To address these challenges, we explore exploiting the correlations among expressions and AUs to learn AU features in an unsupervised manner and adaptively select these features for feature enhancement by developing a novel AU-Expression Knowledge Constrained Representation Learning (AUE-CRL) framework. Specifically, there exist strong correlations among expressions and AUs. We first design a knowledge-guided AU representation learning module that leverages these correlations to covert expression labels to pseudo AU labels and utilizes pseudo labels to train the AU classifiers to obtain the AU features. As suggested in previous work, different AUs also have obvious co-occurrence dependencies, and these dependencies are important for selecting useful AUs. With the AU features, we further introduce a knowledge-guided attention module that learns to adaptively mine the most relevant AU features under the constraint of AU dependencies. In this way, the framework can automatically discover useful local facial behaviors to facilitate FER.

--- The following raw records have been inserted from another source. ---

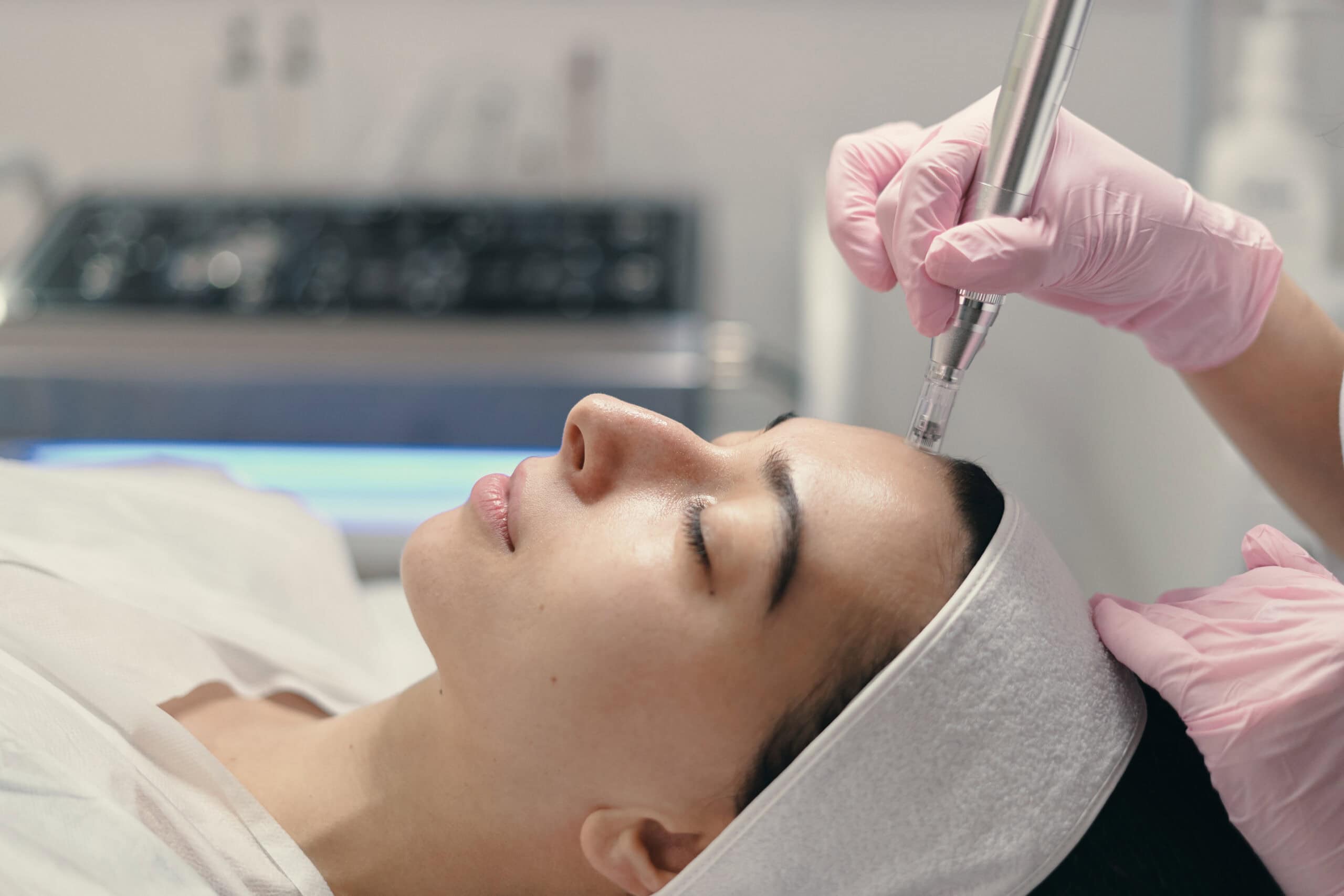 PRP vs. Exosomes in microneedling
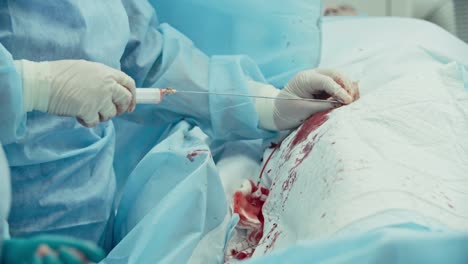 Coronary-Surgery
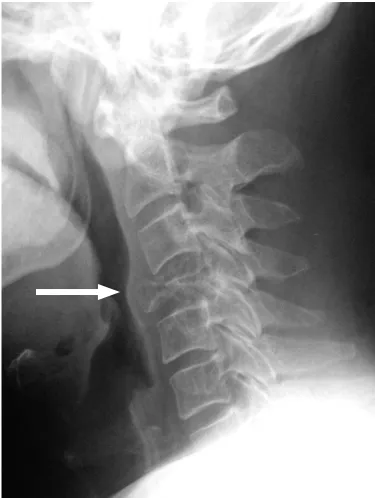 Figure 3. Lateral Cervical Spine Plain 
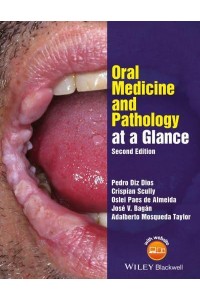 Oral Medicine and Pathology at a Glance - At a Glance Series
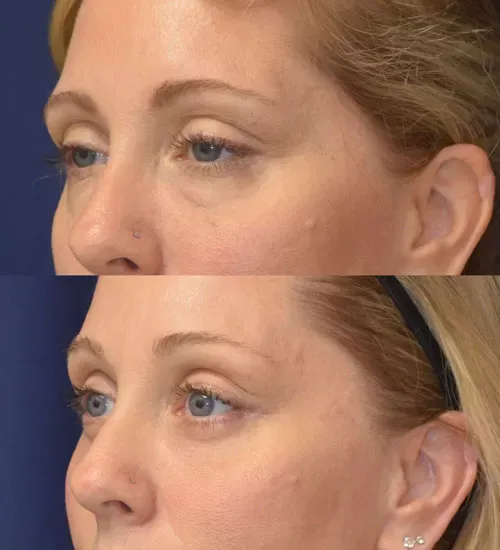 Eyelid Surgery Before & After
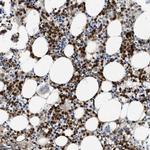 Annexin A3 Antibody in Immunohistochemistry (Paraffin) (IHC (P))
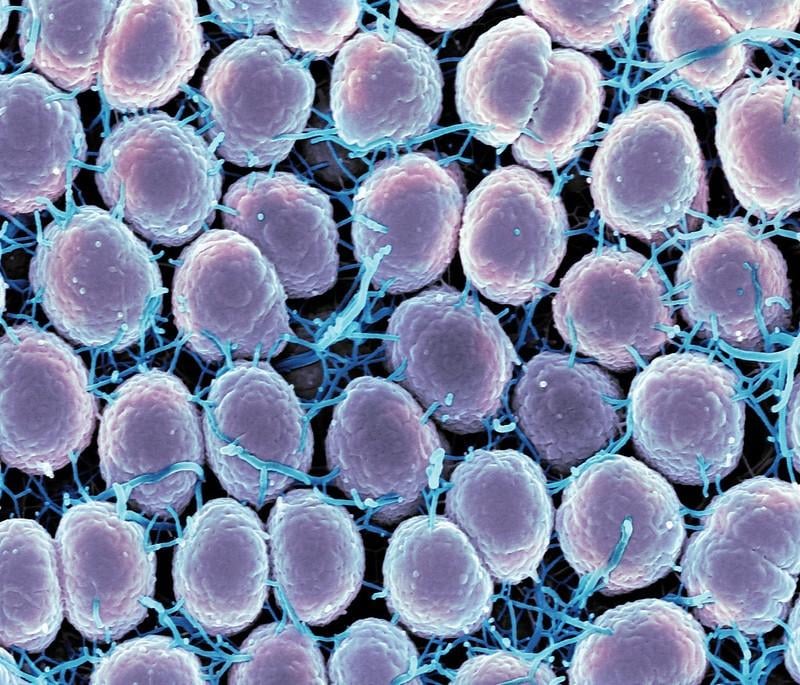 Scanning electron micrograph of Neisseria gonorrhoeae bacteria, which causes gonorrhea. Photo Source: NIAID (CC BY 2.0)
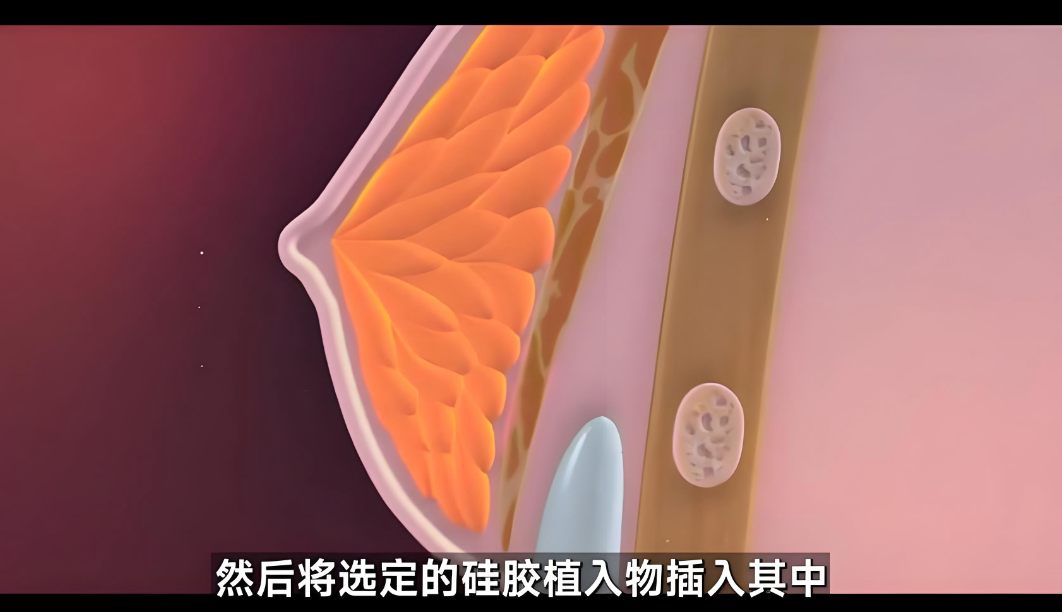 广州李文峰做隆胸怎么样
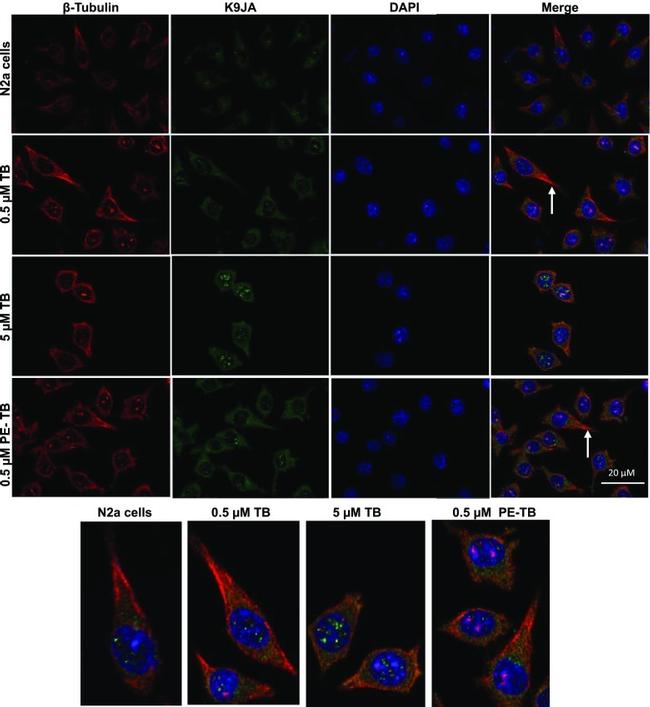 beta Tubulin Antibody in Immunocytochemistry (ICC/IF)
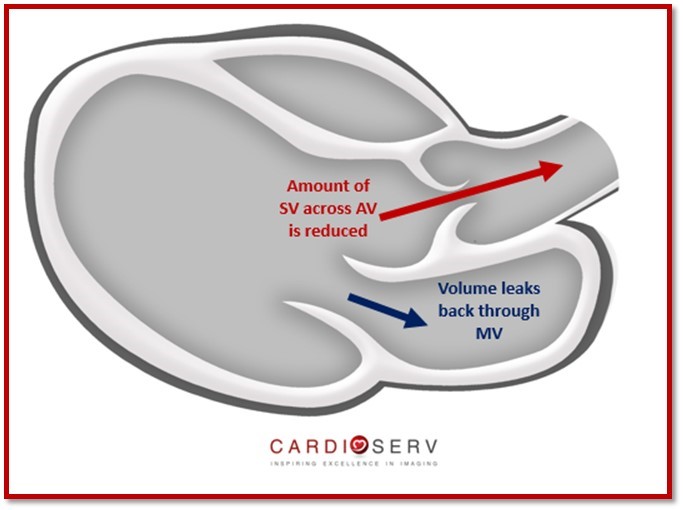 3 Steps to Quantifying MR via Stroke Volume Method!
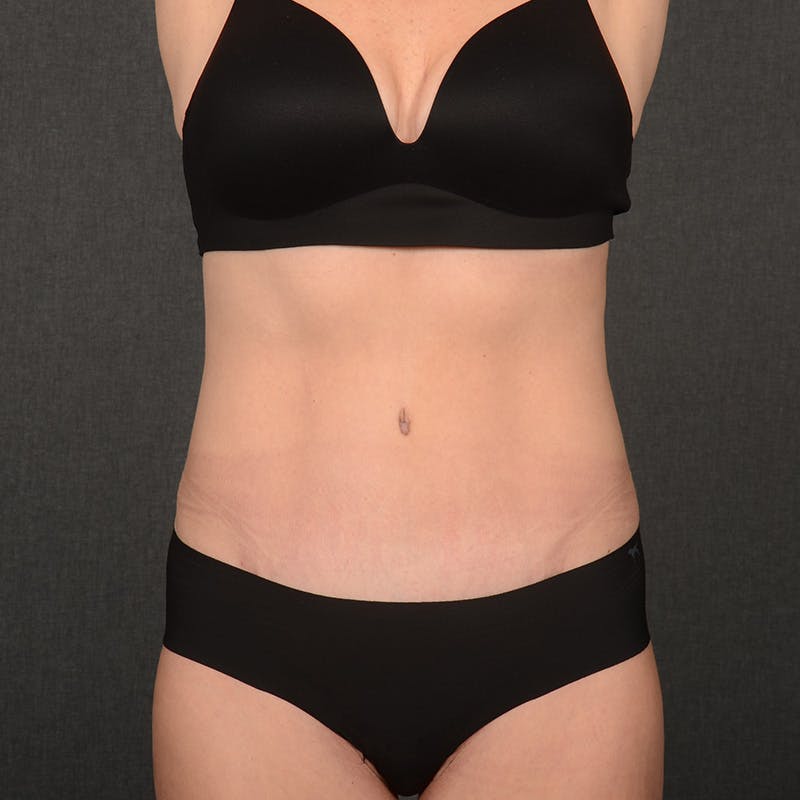 Tummy Tuck Before & After Gallery - Patient 148494 - Image 2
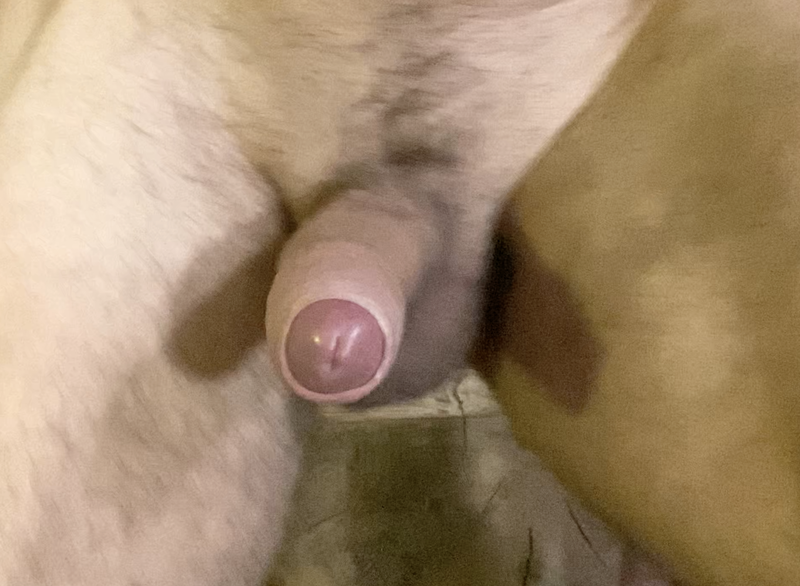 a semi erect penis with foreskin partially retracting to reveal the tip of a deep red glans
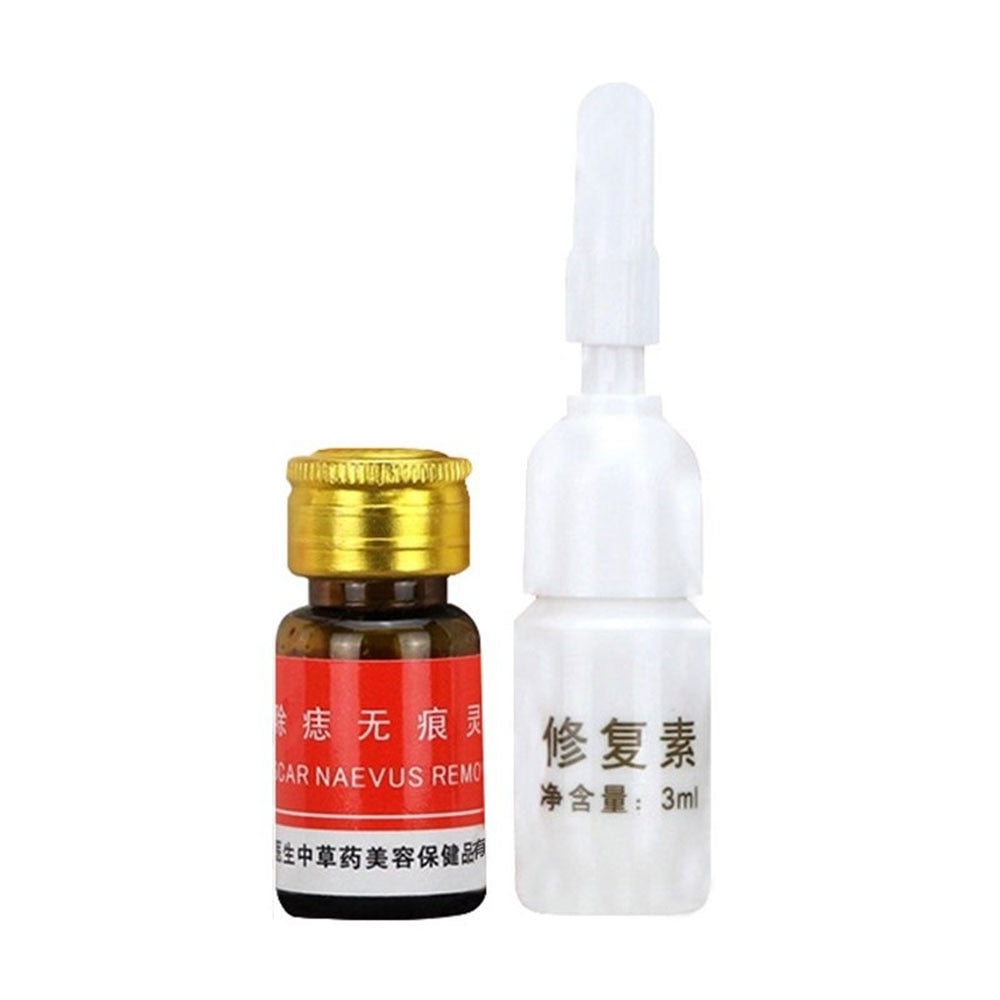 Naevus Mole removal cream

In summary, the contributions of this work are three-fold. First, we design a novel AU-Expression Knowledge Constrained Representation Learning (AUE-CRL) framework that exploits prior knowledge of AU-expression correlations to automatically discover useful AU features for feature enhancement to facilitate recognizing facial expression. Second, we propose to leverage the AU-expression correlations to guide learning AU features without AU annotations. Thus, the framework can be easily generalized to all of current FER datasets. Finally, we conduct extensive experiments on several large-scale in-the-wild datasets to demonstrate the effectiveness of the proposed framework, and carry out ablative studies to analyze the actual contribution of each key component.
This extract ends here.